I never train my birds less than 25 mi. if they come home from 400 or 500 on the day they get Sunday and Monday off. Well they still have to loft fly Tuesday loft fly in the morning and then a 40 mi toss still in the morning and that happens every other day for 2 weeks then they go to the 600. On the day of basketing I spray corn oil on the feed this stores fet in the liver for the race. They need that, never use canolla oil that is poison on their systom. Stay away from maple peas that takes away from some of the protien of the other peas. Tie a rag to a long pole use a tennis ball what ever make them fly 1 1/2 hrs a day plus training to get them ready for the 600. Do not race them for 2 weeks.
Dave


----------



## SmithFamilyLoft (Nov 22, 2004)

Airbaby said:


> I was wondering if anyone would be willing to share there training schedule of an Old Bird they would be prepping for a 500-600 mile race. Now i know the types of grains and stuff most feed to help build the bird up, but what i have never seen is what the training/race/rest schedule is like for a bird getting ready to fly to the distance. Any feedback would be greatly appreciated.


 I don't race OB's, so take what I say with a grain of salt. But, just as a point of reference, we have an older member in our combine in very poor health, that does no road training at all, and he very consistantly places in the top 20%. 

If you can get your birds to fly around the loft for several hours a day, then I think it is quite possible, that very little if any road work, is needed. I know that back in the good ole days of the 1960's, my mentor and I trained maybe 4 or 5 times out to about 7 miles. Which now days, really sounds kind of funny. My mentor was a WWII pigeon corps guy, and never really valued road work all that much, and he won quite a few of the 500 and 600 mile events, so go figure. 

I'm thinking that all those decades of only retaining birds which won those 500 and 600 mile events, without road training, may have created a family which did not require constant road training. I also think, that if generation after generation, you work with birds which need a lot of constant road work, you might be building a family up which requires such things. Just wanted to share a perspective you won't generally hear.


----------



## Airbaby (Aug 9, 2008)

Thank you everybody for the feedback, you all had the types of responses I was looking for.

Thanks again,
Roy


----------



## irishsyndicate (Sep 19, 2008)

One old pioneer told me, if your birds have been racing all season or every other race weekend - then the week of the 500 (usually the 500 is basketed on a Thursday for a Saturday release) - just dump a sack of feed in the loft that week and for the most part leave the birds alone......


----------



## fresnobirdman (Dec 27, 2008)

irishsyndicate said:


> One old pioneer told me, if your birds have been racing all season or every other race weekend - then the week of the 500 (usually the 500 is basketed on a Thursday for a Saturday release) - just dump a sack of feed in the loft that week and for the most part leave the birds alone......

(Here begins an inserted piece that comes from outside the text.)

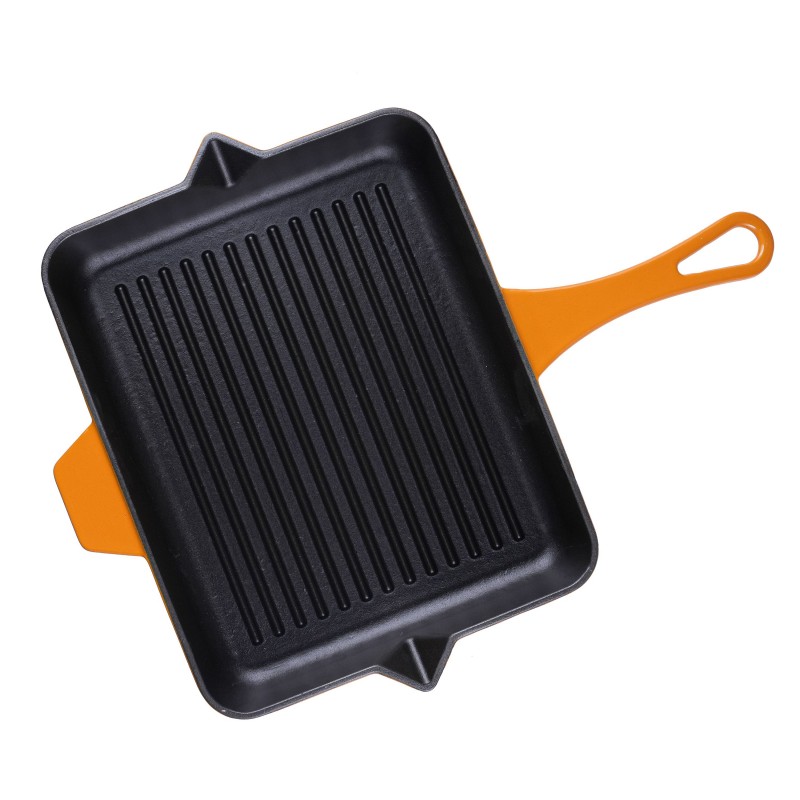 Zománcozott öntöttvas grill serpenyő Solagio, Dijon, 26x32cm -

i like your response dude.ahha


----------



## Airbaby (Aug 9, 2008)

irishsyndicate said:


> One old pioneer told me, if your birds have been racing all season or every other race weekend - then the week of the 500 (usually the 500 is basketed on a Thursday for a Saturday release) - just dump a sack of feed in the loft that week and for the most part leave the birds alone......


I suppose it would be worth a shot, however i also have birds i prep for shorter races too, i have read a few times where a fancier will have a loft striclty for Long Distance birds and a seperate loft for the shorter races so he or she could feed accordingly....


----------



## Crazy Pete (Nov 13, 2008)

Dump a sack of feed on the floor, no road training just loft flying it all sounds good if your happy with the top 20%. i took 1st club 4th combine 600 mi I want top 1 or 2 %. But I prefer to win.
Dave


----------